EXERCISE INSTRUCTIONS => Below are the records. List every line holding the word "Picture".

RECORDS TO USE =>
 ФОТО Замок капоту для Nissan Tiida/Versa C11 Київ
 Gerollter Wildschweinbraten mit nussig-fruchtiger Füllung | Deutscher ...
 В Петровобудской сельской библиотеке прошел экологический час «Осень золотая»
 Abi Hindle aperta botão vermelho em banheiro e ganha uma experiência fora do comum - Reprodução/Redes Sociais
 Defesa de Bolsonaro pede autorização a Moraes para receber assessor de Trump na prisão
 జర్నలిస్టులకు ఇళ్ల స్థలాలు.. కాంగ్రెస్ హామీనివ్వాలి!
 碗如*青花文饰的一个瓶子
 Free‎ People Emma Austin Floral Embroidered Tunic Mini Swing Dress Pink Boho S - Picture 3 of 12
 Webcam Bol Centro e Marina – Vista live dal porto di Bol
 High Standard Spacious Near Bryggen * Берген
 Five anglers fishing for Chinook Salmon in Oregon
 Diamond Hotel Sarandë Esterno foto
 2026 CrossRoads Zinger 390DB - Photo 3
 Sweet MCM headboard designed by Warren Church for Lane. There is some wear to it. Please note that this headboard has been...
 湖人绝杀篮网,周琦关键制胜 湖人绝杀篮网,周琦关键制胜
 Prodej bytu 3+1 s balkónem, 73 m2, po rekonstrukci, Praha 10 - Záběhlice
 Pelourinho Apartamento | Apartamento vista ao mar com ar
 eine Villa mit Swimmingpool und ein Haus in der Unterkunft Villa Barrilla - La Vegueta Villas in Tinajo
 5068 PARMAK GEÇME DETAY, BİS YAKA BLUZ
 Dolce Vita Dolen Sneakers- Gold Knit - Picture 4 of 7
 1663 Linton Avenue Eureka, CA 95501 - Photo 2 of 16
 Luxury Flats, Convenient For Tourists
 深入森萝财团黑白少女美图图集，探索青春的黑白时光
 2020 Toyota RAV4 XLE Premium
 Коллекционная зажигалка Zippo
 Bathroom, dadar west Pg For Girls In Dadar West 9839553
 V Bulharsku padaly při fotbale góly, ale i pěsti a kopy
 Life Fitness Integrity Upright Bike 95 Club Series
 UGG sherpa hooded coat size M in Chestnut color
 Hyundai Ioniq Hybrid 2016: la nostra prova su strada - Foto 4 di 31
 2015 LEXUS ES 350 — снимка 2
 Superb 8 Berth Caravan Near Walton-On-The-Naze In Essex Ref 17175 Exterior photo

RESULT OF THIS TASK =>
 Free‎ People Emma Austin Floral Embroidered Tunic Mini Swing Dress Pink Boho S - Picture 3 of 12
 Dolce Vita Dolen Sneakers- Gold Knit - Picture 4 of 7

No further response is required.